We think PolitiFact's "Truth-O-Meter" rating system offers ample evidence of PolitiFact's bias.
1) It's an admittedly subjective rating system.
2) Rating patterns differ widely at different franchises.
3) Fundamentally similar fact checks may conclude with very different ratings.
And to those three reasons we add a fourth, newly ascendant in the data we collect:
4) "Pants on Fire" seems to be going extinct/extinguished.
Have politicians discovered asbestos pants?
Through June 8, 2023, the total number of "Pants on Fire" ratings given to politicians totals
Correction 6/22/2023: We apparently made a careless error in transcribing the number of Pants on Fire ratings given to party politicians during the first half (or so) of 2023. The correct number was two, not five. The corrected number only strengthens our point that "Pants on Fire" numbers have fallen off a cliff. Yes, the chart is wrong as well in reporting five in 2023.
From 2007 through 2009, PolitiFact was just starting out, which helps explain the low numbers during that period. In 2010 state franchises such as PolitiFact Texas and PolitiFact Florida started to contribute heavily to the number of ratings, including "Pants on Fire" ratings.

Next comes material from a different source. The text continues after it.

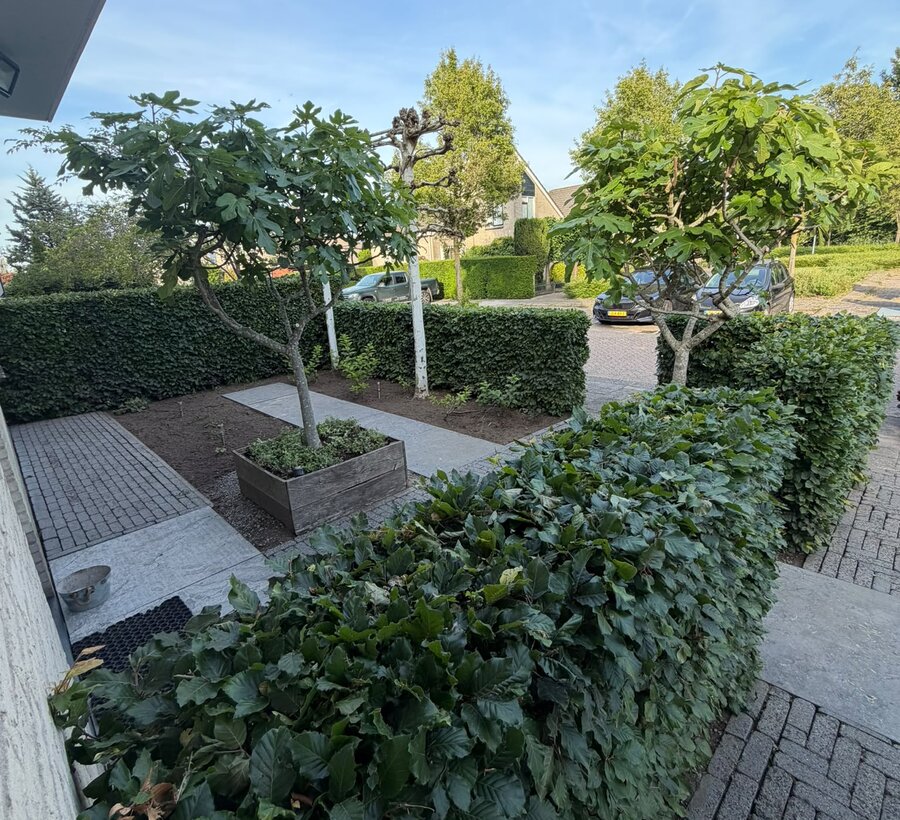 Snoeiwerk en tuinonderhoud door Tuin Perfect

The era of Bill Adair's directorship was in full flower through 2013. We see the three-year spike of GOP "Pants on Fire" ratings and a rise followed by a slow decline in Democratic Party "Pants on Fire" ratings.
Current Editor-in-Chief Angie Drobnic Holan took over from Adair, and under Holan we observe a decline in "Pants on Fire" ratings for Democrats. We see the same for Republicans, notwithstanding notable election-year spikes in 2016 and 2020.

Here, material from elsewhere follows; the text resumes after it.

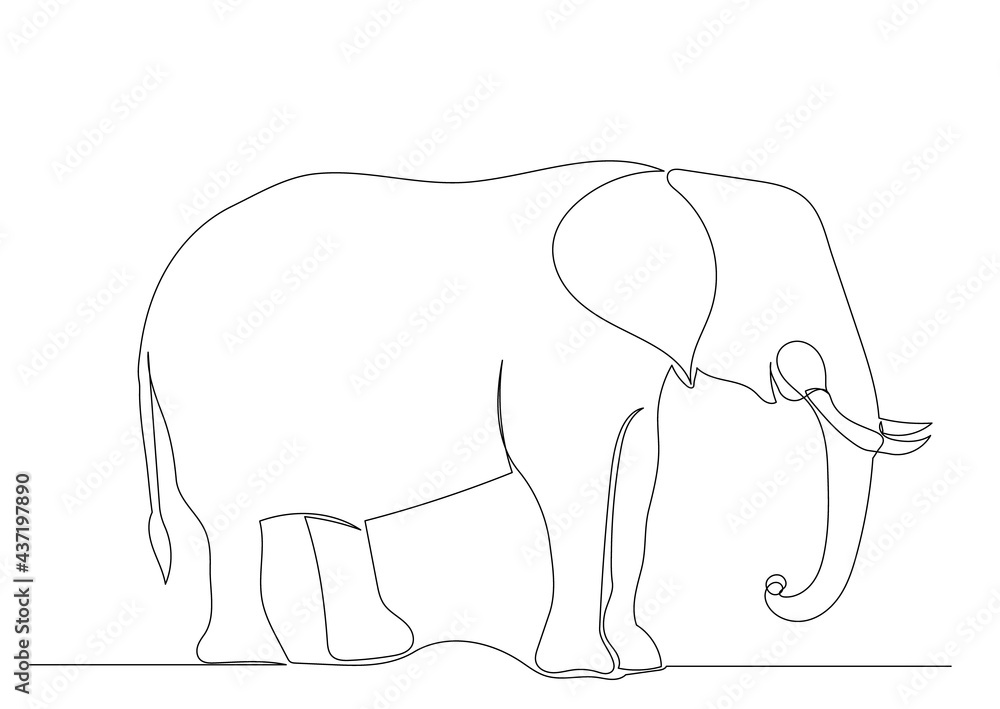 elephant one line drawing isolated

So far, the year 2023 stands out for its exceptionally low numbers.
"Republicans Lie More!"
As a catchall excuse for weird PolitiFact data, that just won't cut it. It's not good as an excuse for PolitiFact's selection bias problem. It doesn't explain PolitiFact's biased application of "Pants on Fire" ratings, and it cannot ever explain lower numbers of "Pants on Fire" ratings over time to both political parties.

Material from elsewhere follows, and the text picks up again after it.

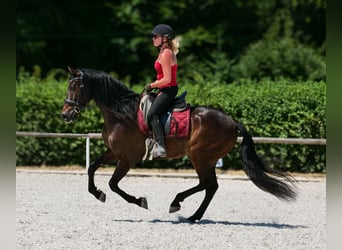 Andalusier, Wallach, 7 Jahre, Dunkelbrauner
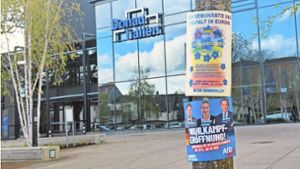 Wahlkampf in Donaueschingen: Bündnis plant Demo gegen AfD-Treffen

So, what's the explanation?
The simplest explanation boils down to money. PolitiFact gets paid for its role as the falsehood-sniffing dog for social media censors. The most recent page of "Pants on Fire" ratings at PolitiFact's webpage is filled with "Pants on Fire" ratings given for social media claims, with not one given to a party officeholder, candidate, appointee or the like. Not one. On the previous page there's one for Donald Trump given back in May.
That suggests PolitiFact now takes a greater interest in its social media role than in holding politicians accountable. To be fair, however, PolitiFact can still manipulate political messaging effectively by giving poor ratings to messages Republicans are likely to share. Rating one social media claim, no matter who it's from, can justify stuffing a sock in the social media mouth that would repeat it.
An alternative explanation? Politicians, both Democrat and Republican, are lying less.
It will be fun to see whether fact checkers try to take credit for making politicians more truthful without any sound basis for that claim.